TORINO – Si infittisce la telenovela Amauri dopo il “no” della Juve alla convocazione del ct del Brasile Dunga per l’amichevole con l’Italia di martedì 10 a Wembley. L’attaccante bianconero, sospeso tra l’azzurro e il verdeoro, ieri ha ottenuto un giorno di riposo. «La mia preferenza va alla Seleçao, ma sono costretto a rispettare le decisioni della Juve», la versione di Amauri riportata dal sito brasiliano esporteinterativo.Il bomber avrebbe anche dichiarato che la decisione definitiva verrà presa soltanto oggi, dopo un incontro con i dirigenti bianconeri.
La posizione della Juve è chiara: «E’ troppo tardi – aveva detto Cobolli Gigli – la richiesta del Brasile è arrivata fuori tempo massimo. Amauri resterà qui con noi in un momento in cui tutti abbiamo bisogno di restare uniti. La scelta è della società e non del giocatore. Non vorrei mettere in mezzo Amauri»
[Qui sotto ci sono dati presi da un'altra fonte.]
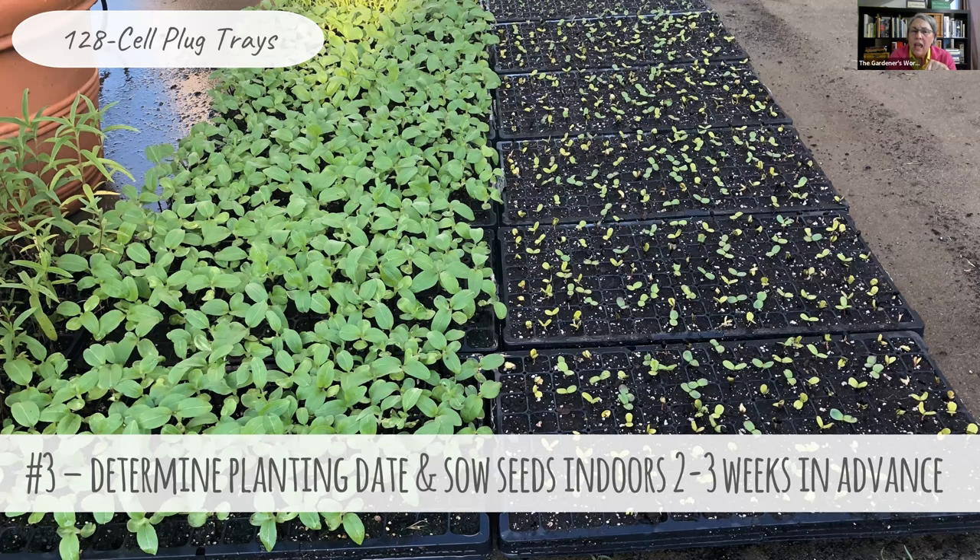Noticing that self-seeded branching sunflowers were germinating and growing up long before expected was the clue that sunflowers are more cold-tolerant than imagined. Planting a transplant outside gives them real advantages. For starting indoors, sunflowers are big seeds — use either larger soil blocks like two-inch blocks or 128-cell plug trays. When starting indoors they need to go under grow lights until they are hardening off outdoors, since they'll be searching for light as soon as they sprout.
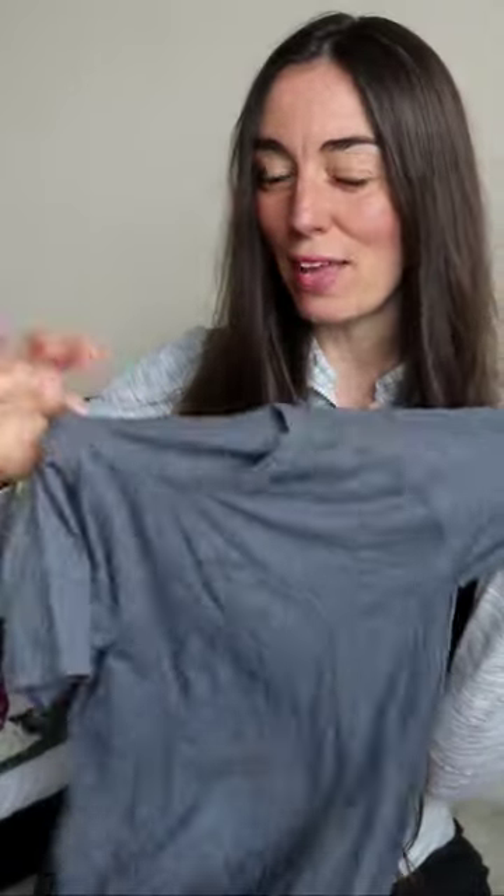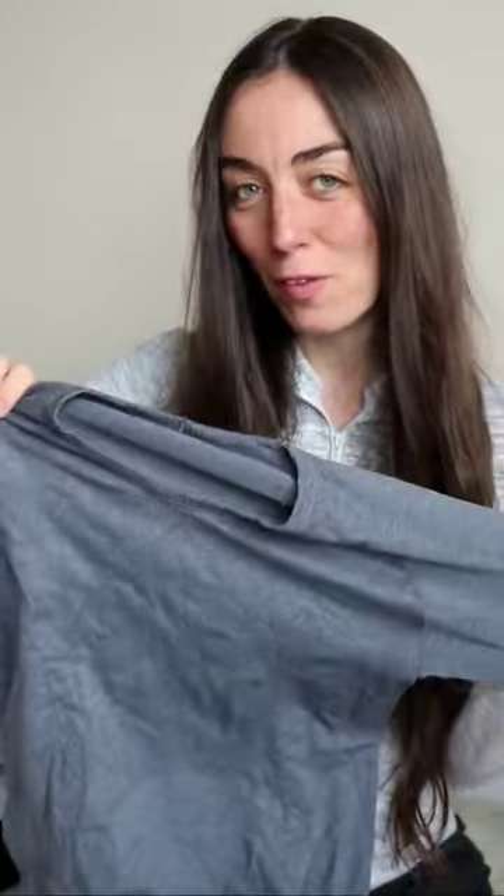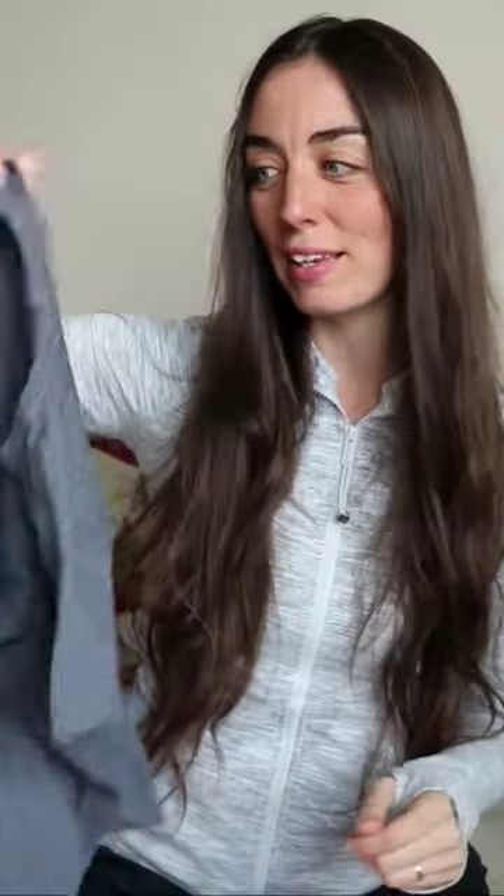Revealing which Lululemon is real and which one is fake. This one is a pretty good fake. The obvious reason why this gray one is fake — which by the way I thrifted from a thrift store — is because I'm pretty sure it comes from somewhere like DHgate.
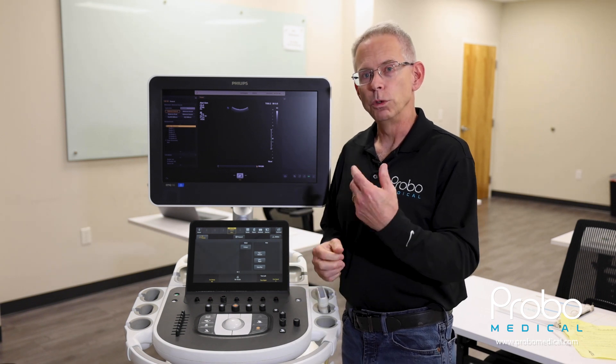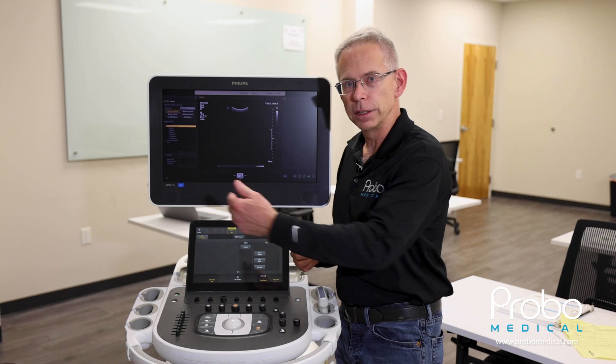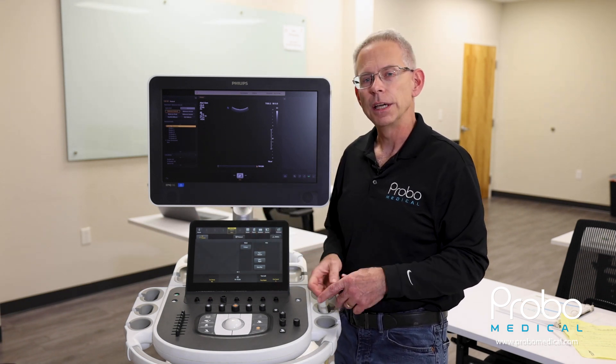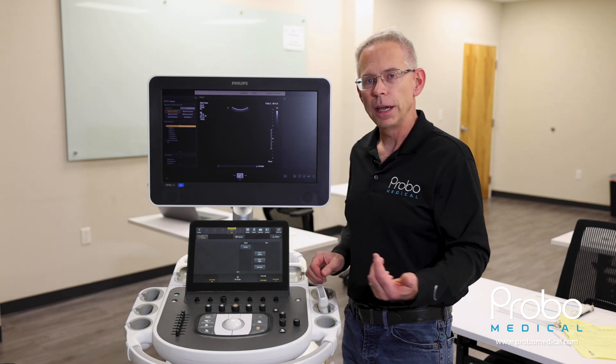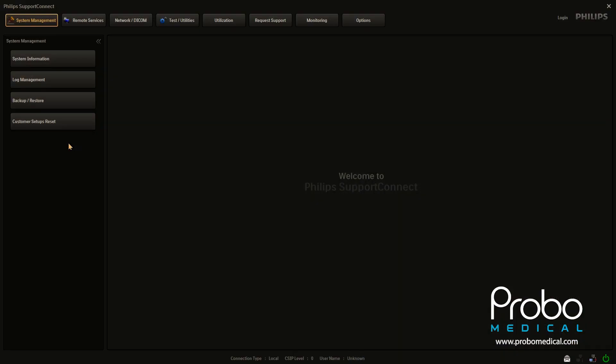So you will need a USB drive, and you want to insert that on the left side of the user interface in the USB slot. Give it a second, and then press the support button, and it will take you into the screen where we'll continue from there. If you have your USB flash drive inserted in the unit prior, go ahead and just off of the system management page, you want to come down to backup, restore.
Prima delle dichiarazioni d’amore verdeoro, sembrava aver accettato di buon grado l’idea di farsi da parte nella contesa, usare la Juve come copertura e rimandare di un altro po’ la scelta di vita. Magari in attesa di un benedetto passaporto italiano. La chiamata della madre patria quale sostituto dell’infortunato Luis Fabiano non lo entusiasma.
Amauri, infatti, teme di bruciarsi per sempre la possibilità di giocare con la maglia azzurra. Perché, se per Dunga è il settimo, forse l’ottavo attaccante, la riserva della riserva della riserva, nei sogni di Lippi, Amauri è sempre titolare.